§ **WHAT NEEDS TO BE DONE**
Write out each record exactly and skip every image.

[DATASET RECORDS Boundary: Start]

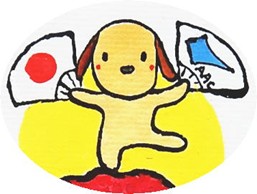 アッシャー君二代目2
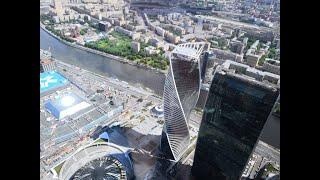 Смотровыее площадки Москвы, Детский мир, Москва Сити , Московская канатная дорога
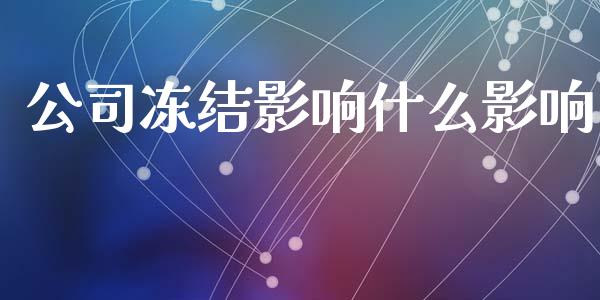 公司冻结影响什么影响_https://wap.jnlaobingbanjia.com_财务管理_第1张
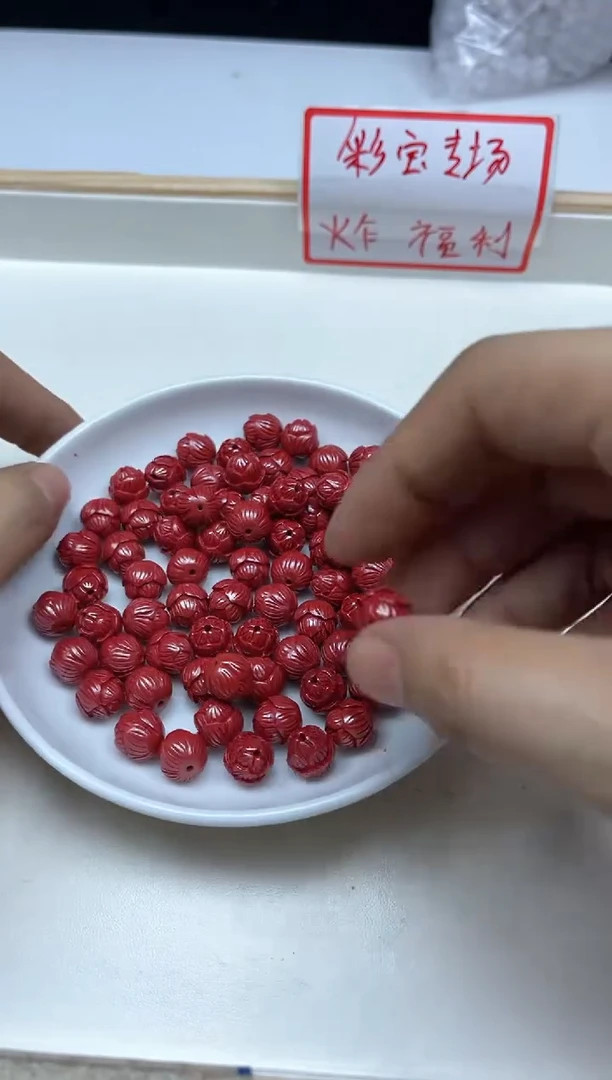 玛瑙/玉髓散珠未镶嵌C673 蒂 王 砂 莲花珠10mm2个9.9元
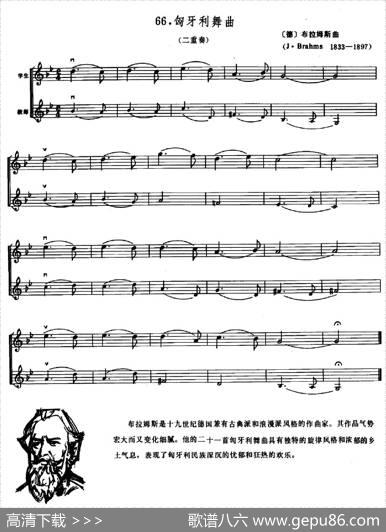 学琴之路练习曲66、匈牙利舞曲（二重奏）|[德]布拉姆斯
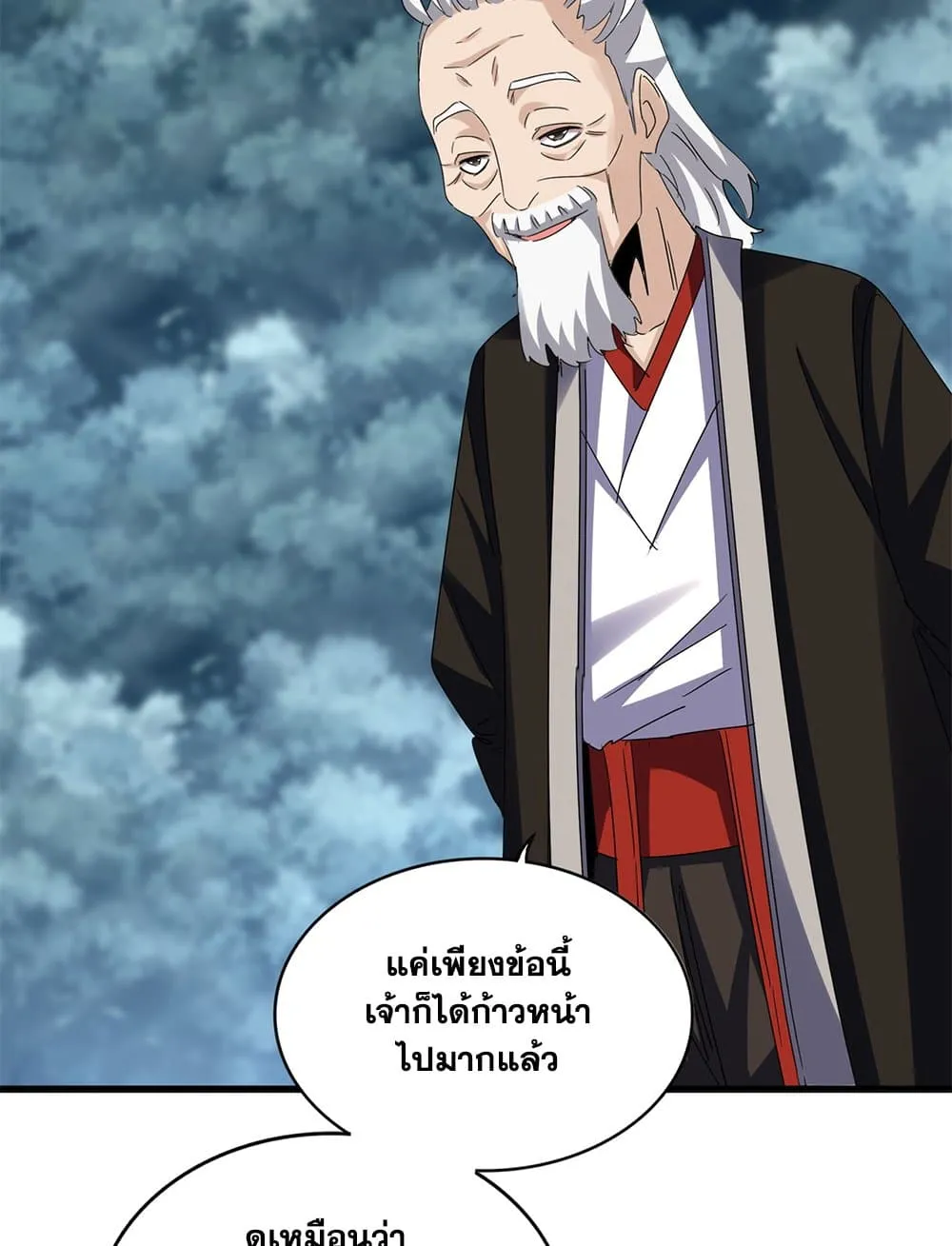 Magic Emperor ราชาจอมเวทย_ ตอนที่ ตอนที่ 626 รูปที่ 40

[DATASET RECORDS Boundary: End]

§ **ANSWER SPACE**
 アッシャー君二代目2
 Смотровыее площадки Москвы, Детский мир, Москва Сити , Московская канатная дорога
 公司冻结影响什么影响_https://wap.jnlaobingbanjia.com_财务管理_第1张
 玛瑙/玉髓散珠未镶嵌C673 蒂 王 砂 莲花珠10mm2个9.9元
 学琴之路练习曲66、匈牙利舞曲（二重奏）|[德]布拉姆斯
 Magic Emperor ราชาจอมเวทย_ ตอนที่ ตอนที่ 626 รูปที่ 40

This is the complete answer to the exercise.